Procedure (steps, instructions and timing)
- Participants need to download a world map.
- Participants will color-code different countries on that world map in order to carry out a critical analysis of the geographical distribution of their learning context and its resources. Please only use the colors suggested in the exercise “Critical World Thinking Map”.
- All participants should color-code on their map their current nationality(ies) and citizenship(s), the key sites that influence their personal and academic development, the sites their ancestors originate from (parents and grandparents).
- Then, to discuss the geopolitical distribution of the curriculum, participants should color-code on their map the nationality of the teachers across their degree, the countries of origin of 5 authors included in the bibliographical references of a representative or compulsory course in their degree or a course they taught by themselves (e.g. lecture on “Introduction to Sociology”, etc.), and finally the places of publication of 5 literature references included in that course.

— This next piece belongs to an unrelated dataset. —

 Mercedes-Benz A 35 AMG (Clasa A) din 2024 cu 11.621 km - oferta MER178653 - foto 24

- In the last step, participants individually answer the questions, provided in step 2 to 4 in the “Critical World Thinking Map” exercise. Engaging with these questions is a preparatory exercise for the following step 6.

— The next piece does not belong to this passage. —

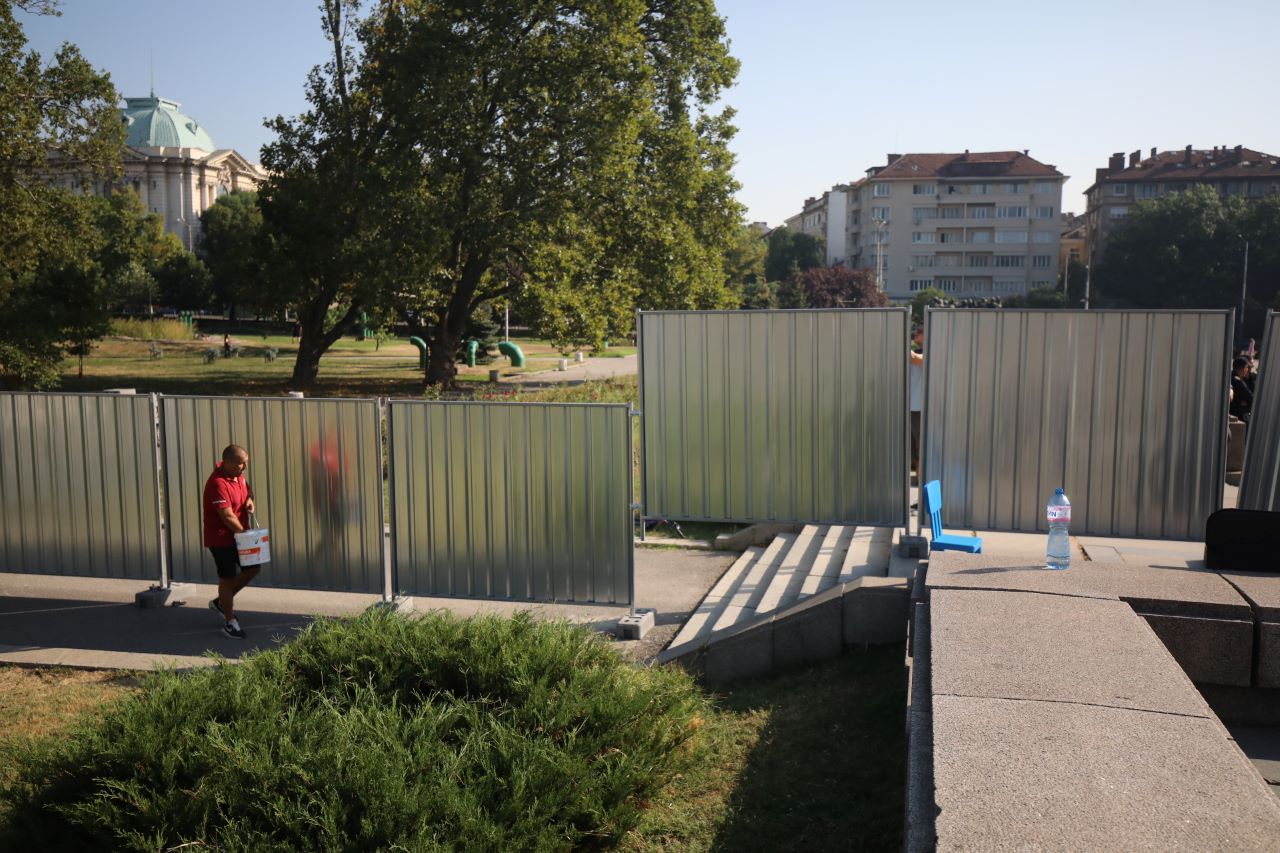 <p>Заграждат Паметника на Съветската армия с високи и плътни огради. В района има засилено полицейско присъствие, униформени служители на реда са оградили паметника от всички страни.</p>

- Participants are asked to send a picture or screenshot to this session’s facilitator, Sebastian Garbe, by July 4th 23:59. The maps will be then uploaded on the Miro board and discussed collectively in the theory workshop “Theorizing Structural Racism and Eurocentrism in Higher Education” of “Block A – Diagnosis”. Participants can contribute to the discussion with their engagement with the questions from the exercise in the previous step 5.

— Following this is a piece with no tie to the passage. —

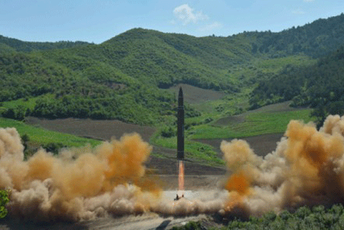 Elman: Pjongjang brzo uči – sljedeće godine moguća raketa koja doseže do SAD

Required reading (concepts/tools)
- Concepts from the BRIDGES toolkit in the Virtual Lab
- Exercise “Critical World Thinking Map” in the Virtual Lab
The participants will familiarise themselves with key concepts to diagnose structural racism and Eurocentrism in HEI as an entry point to the overall BRIDGES course/curriculum. By answering the questions provided in step 2 to 4 in the “Critical World Thinking Map” exercise, participants will have important talking points at hand for the discussions in the theory workshop “Theorizing Structural Racism and Eurocentrism in Higher Education”” of “Block A – Diagnosis”. Another key result of this activity are the individual maps, elaborated by the participants, provided as prints or in digital formats. The prints will be displayed during the course at the open space “In/visible Bridges”, the digital version on Miro and the BRIDGES Virtual Lab.